[Task]:
Nothing but the lines from the start of the entries below through the line containing "Men's Red Christmas" should appear in the answer, copied exactly and free of pictures.

[Exercise materials]:
+++++

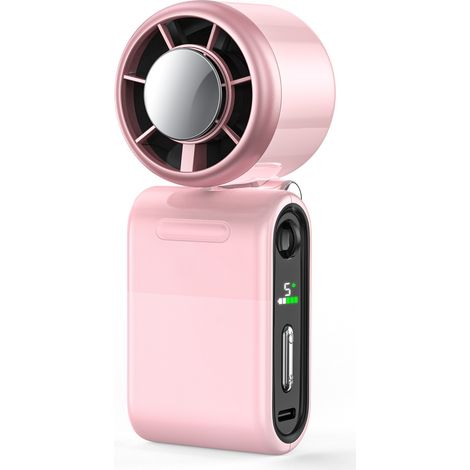 Outdoor Portable Handheld Digital Fan Rechargeable Powerful Turbos Fan Cooling Tool for Outdoor Camping Traveling,Pink (1/5)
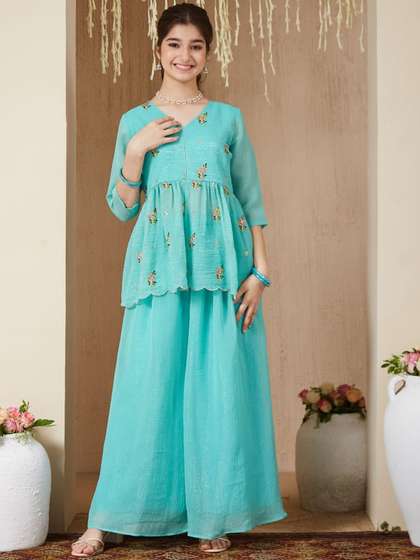 CurlyTales Girls
                    Embroidered Kurta and Palazzo Set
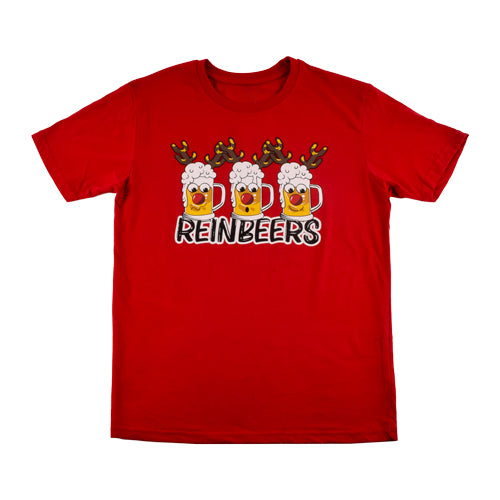 Men's Red Christmas Reinbeers T-shirt Assorted Sizes christmas FabFinds   
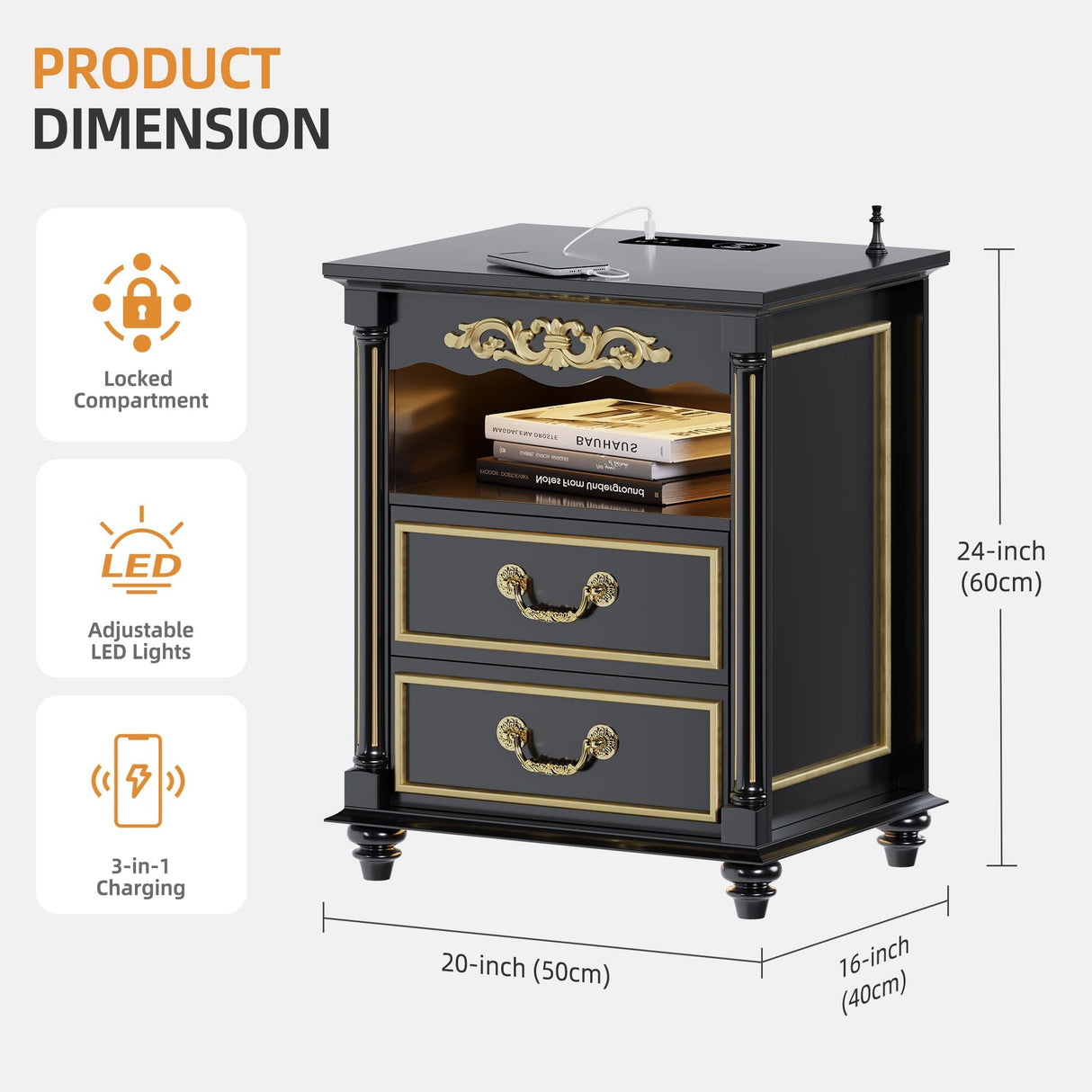 Gurexl Farmhouse Nightstand with Gun Drawer, 20" Vintage Bedside Table with LED Lights & Charging Station, Tall Rustic Wood Sofa Side End Table with 2 Drawers for Bedroom (Black) Gurexl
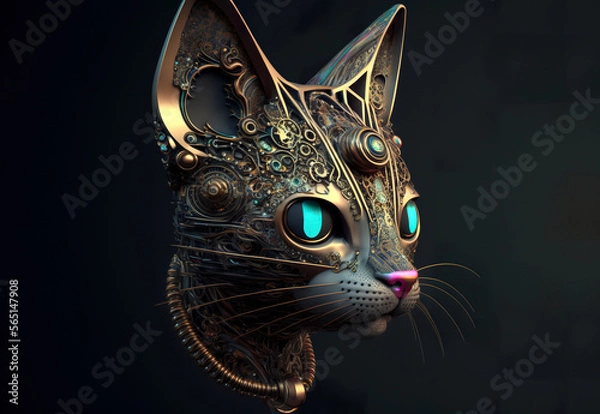 Fototapeta Psychedelic Cat. Generated by Midjourney AI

+++++

[The answer]:
 Outdoor Portable Handheld Digital Fan Rechargeable Powerful Turbos Fan Cooling Tool for Outdoor Camping Traveling,Pink (1/5)
 CurlyTales Girls
                    Embroidered Kurta and Palazzo Set
 Men's Red Christmas Reinbeers T-shirt Assorted Sizes christmas FabFinds   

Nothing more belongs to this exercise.